On Mon, Jun 17, 2019 at 05:24:37PM -0400, Michael Meissner wrote:
> I wrote the code to generate LFIWAX and LFIWZX originally for the power7 in 
> the
> 2010 time frame.  At the time, we did not allow SImode to go into floating
> point and vector registers.  As part of the power9 work, we now allow SImode 
> to
> go into FP/vector registers with for 64-bit code targetting -mcpu=power8 or
> higher.  But we never went back and tweaked the LFIWAX/LFIWZX support.

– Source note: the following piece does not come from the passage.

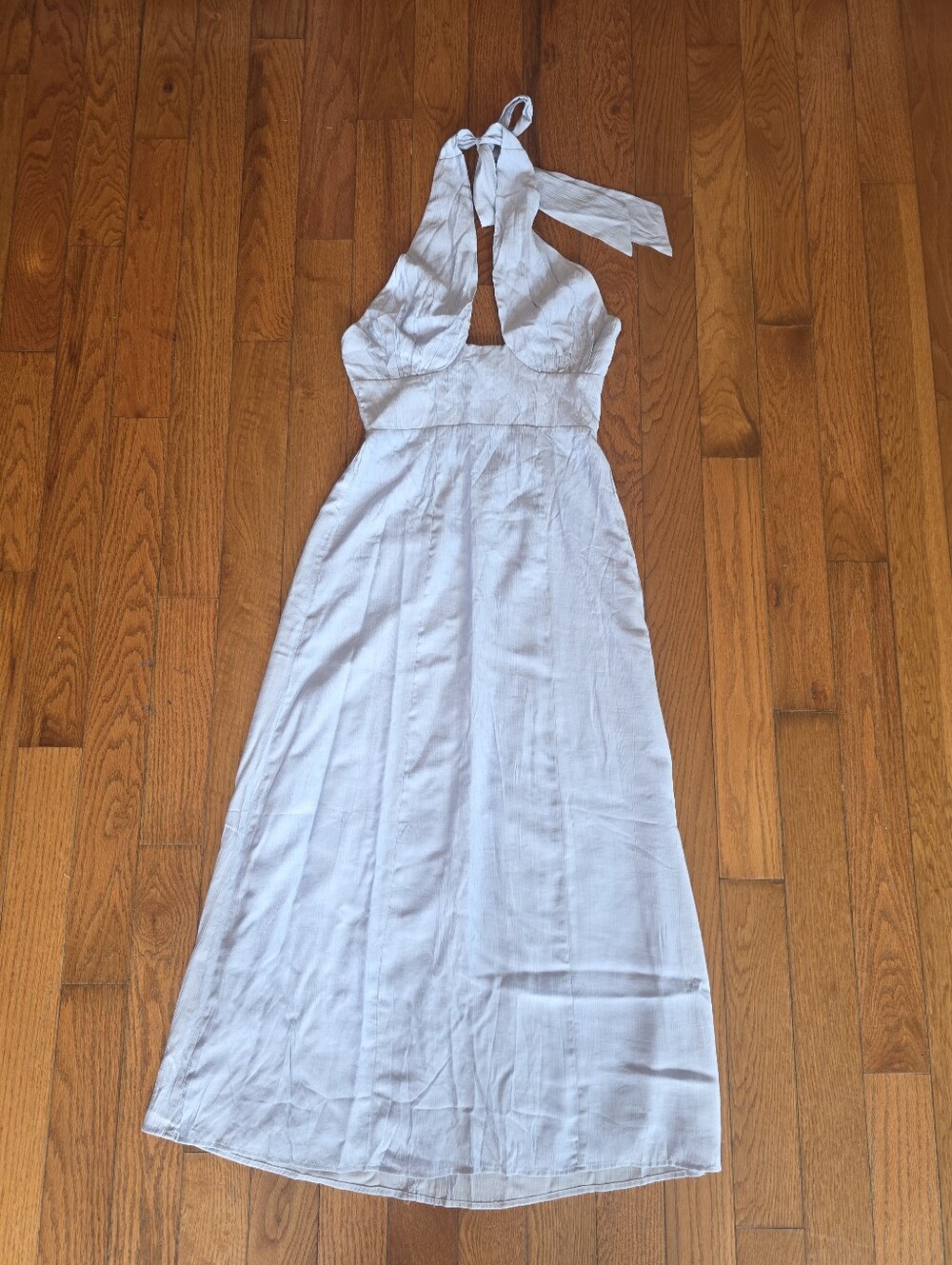 Halter Tie-Neck Blue Maxi Dress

Why do we allow it only in 64-bit mode?  I mean, it sounds like only
handling 64-bit mode causes us to have more code and more complexity
instead of less.

> I was writing code for a possible future PowerPC machine, and the new code
> added an attribute that caused some of the -mno-vsx tests to fail.  This was
> due to the floatsi<mode>2_lfiwax and floatunssi<mode>2_lfiwzx patterns did not
> have a non-VSX alternative, and the attribute processing needed to process the
> alternatives before the first split pass.

I don't understand what you mean...  "attribute processing"?

> In general, the 32-bit code seems to generate a lot less instructions,
> including fewer lfiwax/lfiwzx instructions.  On power8/power9 32-bit code,
> there was more mtvsrwz mtvsrwa instructions.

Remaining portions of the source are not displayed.